Cam French

Watchin’ the Detectives

Elvis Costello – Watching the Detectives 



First, if you have not read  Hooked on a Feeling (by me) and/or Shades of Gray (Ray Lee) do so. They are one page down below. They deal with the Howard Piltch Spingold hand.

I never heard what, if anything became of this incident. It’s a SECRET – and we the public are not privy to the inner chamber. The detectives have that well under wraps. If only the League was as good at sharing information as they are at hiding it. It’s like they are Homeland Security and are not accountable to anyone.

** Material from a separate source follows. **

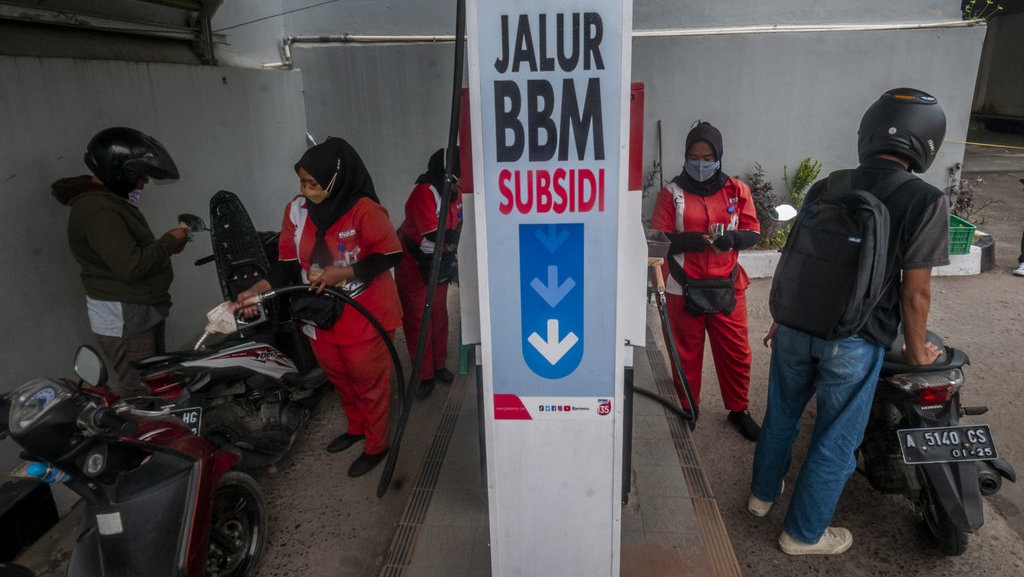 Kesepakatan KTT G20 soal Penghapusan Subsidi BBM Rugikan Rakyat Kesepakatan KTT G20 soal Penghapusan Subsidi BBM Rugikan Rakyat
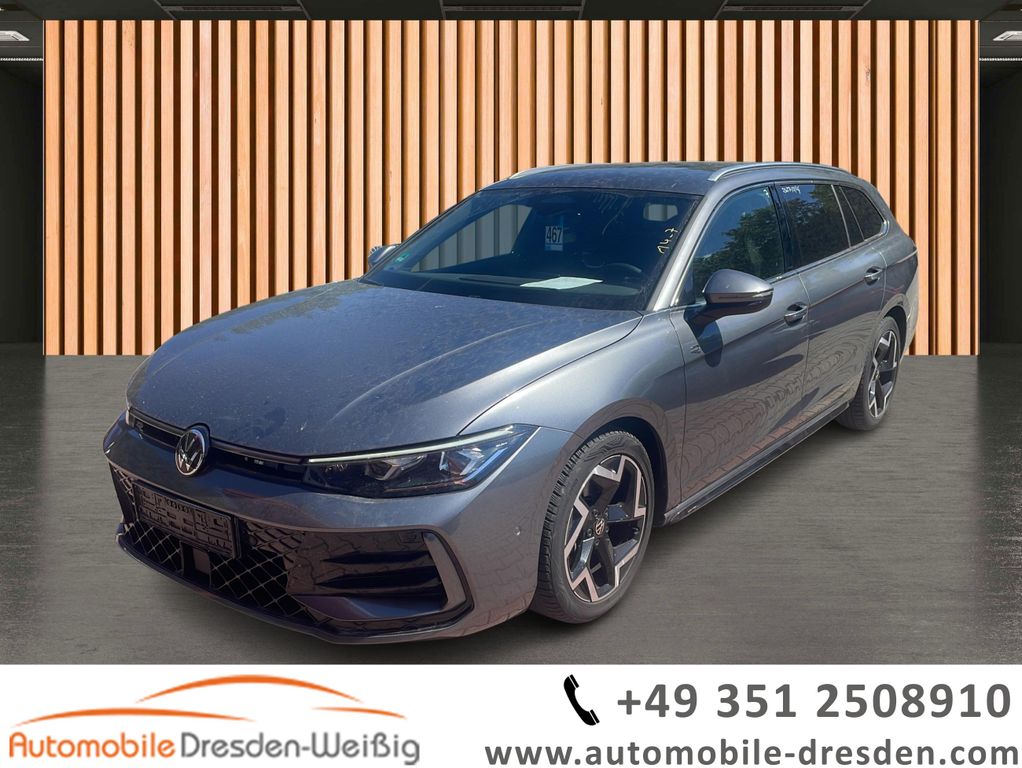 Image of Volkswagen Passat Variant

That is one of the many problems of “justice” within the bridge community. The cone of silence, for all you Get Smart fans.

Did Howard have a wire? I see precious little evidence to support that. Apart from innuendo and granted, a compelling but hardly damning example of one whole hand from a long team match (and career) – there is a wisp of smoke but  where is the fire? I recall some violation(s) by Howard, but the details were not publicly released so I (and the public)  don’t know the depth of these committee meetings because they never tell us. This is from District 24 Newsletter, edited by Alvin Levy, Volume 01.2.

2. In the matter of Howard Piltch’s (ACBL number N966671) appeal of the decision of District 25 Disciplinary and Appellate Committee’s decisions, the committee affirms the factual findings of the committees, but finds that the previous discipline is excessive under ACBL Code of Disciplinary Regulations (CDP)  guidelines. Therefore, the discipline shall be reduced to a public reprimand and 30 days probation. Mr. Piltch is deemed to have already served 30 days probation in this matter. [Howard Piltch has been disciplines twice in a 24-month period and therefore has incurred an additional 2-year probation.}

What the hell does that mean? Please enlighten all of us. If reduced to 30 days (as it was) then it doesn’t sound like he stole the crown jewels of the empire. What exactly did he do?

From Jonathan Steinberg’s 12/95 District 2 report we see:

Special Committees investigating allegations against District 25 board member Howard Piltch and the removal of Bob Rosen as ACBL National Recorder released their findings. No charges were laid against Mr. Piltch. The removal of Bob Rosen was upheld. No details, so we are left to speculate.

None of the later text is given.